05.12.2021 / Emmen / Mobilität und Verkehr / Zonenplan, Bebauungsplan, Meierhof

Chance für das Gewerbe

Votum von Einwohnerrat Christian Blunschi an der Sitzung vom 16. November 2021 betreffend Teilrevision des Bebauungsplans Meierhof.

Das Votum im Wortlaut im Audio-Protokoll

Die Teilrevision des Bebauungsplans Meierhof hat in der Fraktion Die Mitte zu Diskussionen Anlass gegeben. Einerseits begrüssen wir sehr, dass mit der Änderung des Bebauungsplans neue Gebiete für die Emmer KMU zugänglich gemacht werden. Das Gewerbe und die Gemeinde profitieren zweifelsfrei. Andererseits führt die Erweiterung des Gewerbegebiets unweigerlich auch zu zusätzlichen Verkehrs- und Lärmbelastungen entlang der Seetalstrasse. Zudem hat der Bebauungsplan bei der Fraktion Die Mitte zahlreiche Fragen in Zusammenhang mit der Fahrtendossierung im Falle einer Verkehrsüberlastung, den ökologischen Anforderungen an die Bauten im Bebauungsplan oder zur Rolle der Stadtbildkommission aufgeworfen. Auch die lange Vorgeschichte und die vielen Einsprachen verdeutlichen, dass es sich um ein anspruchsvolles Geschäft handelt.

Die Mitte hätte sich gewünscht, dass der Ökologie mehr Gewicht geschenkt wird. Namentlich beim Energiestandard hätte der Gemeinderat eine progressivere Haltung einnehmen können. Verschärfungen in den Sonderbauvorschriften sind aber zum jetzigen Zeitpunkt nicht zielführend. Anderenfalls müsste die öffentliche Auflage wiederholt werden.
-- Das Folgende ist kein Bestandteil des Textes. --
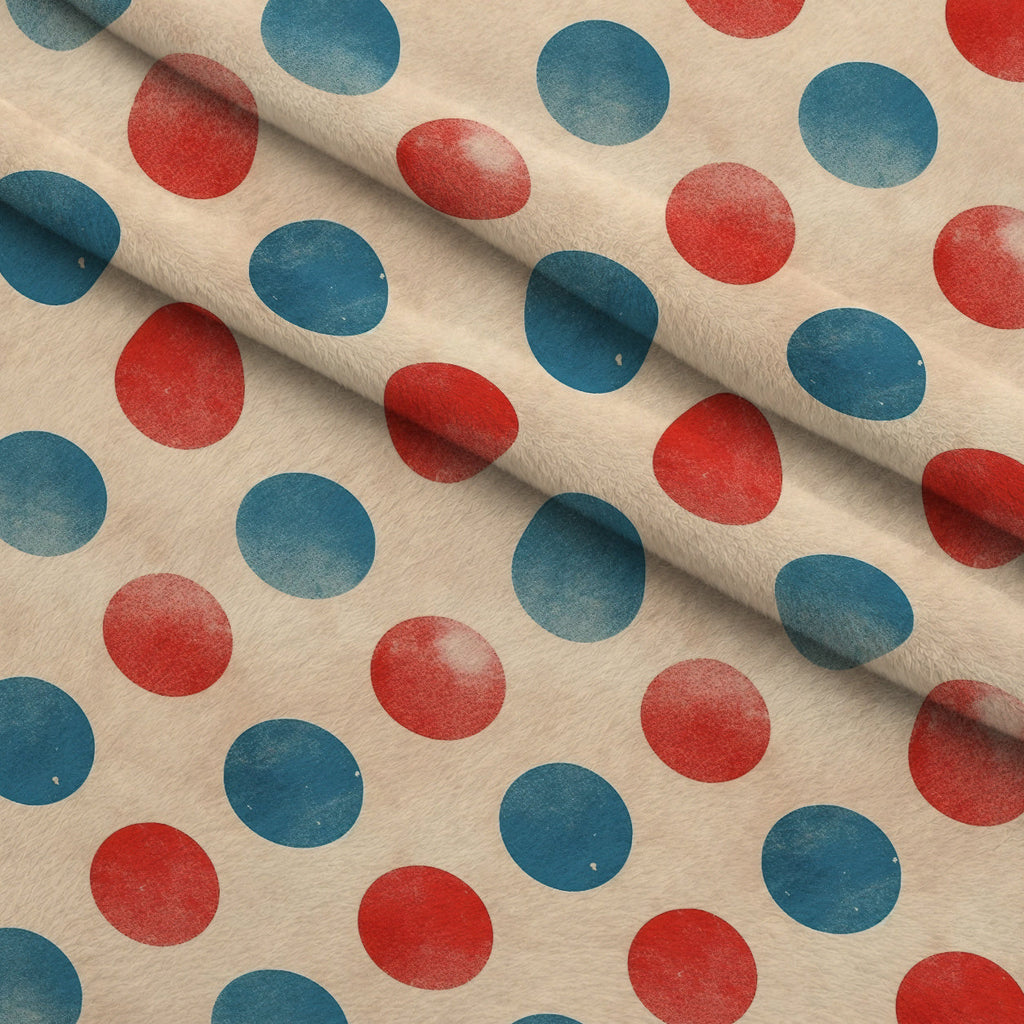 Faded Americana Pattern 8 Fleece Fabric — fleece fabric folded close-up preview (mv-fleece-v1:lying)
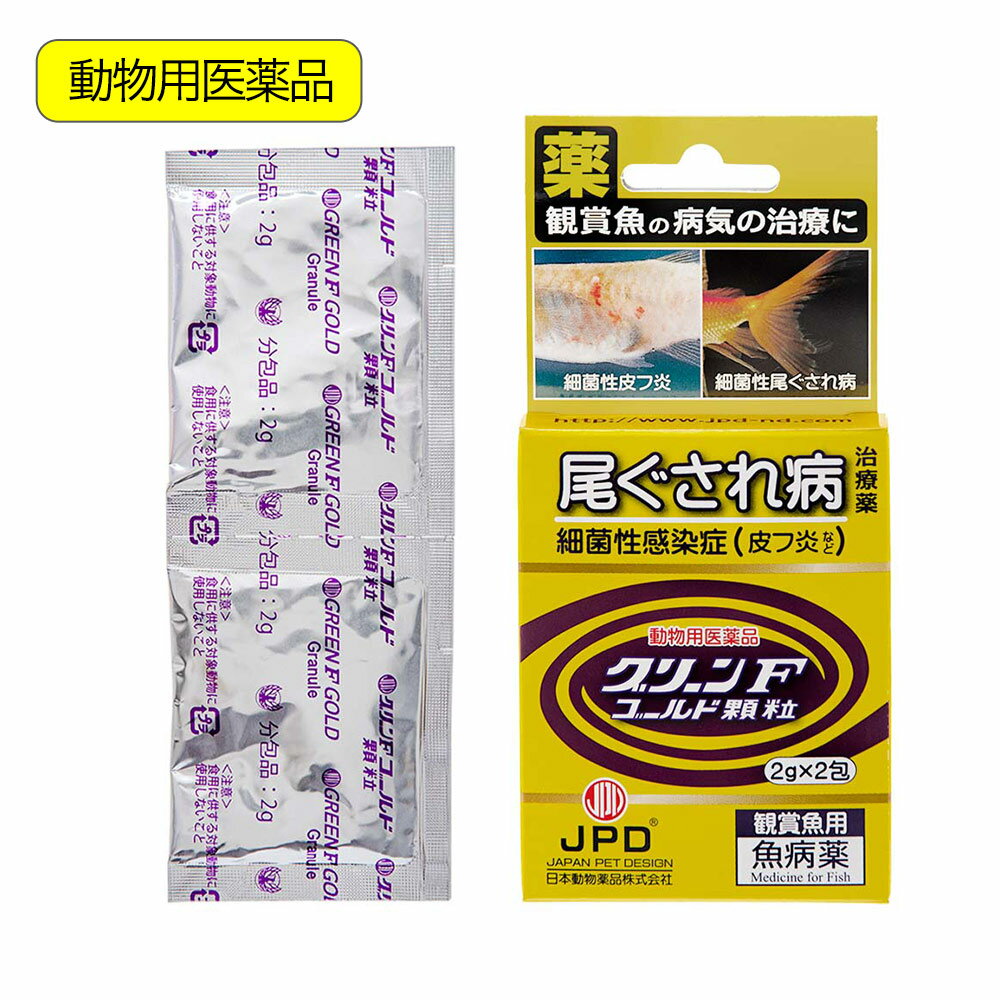 観賞魚用魚病薬 グリーンFゴールド 顆粒 2g×2包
Das Geschäft würde sich um Jahre verzögern und wohl zur Never-Ending-Story. Das will die Fraktion Die Mitte nicht. Der Gemeinderat konnte uns in der Bau- und Verkehrskommission zudem aufzeigen, dass ökologischen Aspekten durchaus Rechnung getragen wird. Insbesondere müssen allfällige Vorgaben in der neuen Bau- und Zonenordnung auch im Bebauungsplan Meierhof beachtet werden. Bei künftigen Planungsgeschäften wäre es gut, wenn im Bericht auch zur Ökologie Ausführungen enthalten sind.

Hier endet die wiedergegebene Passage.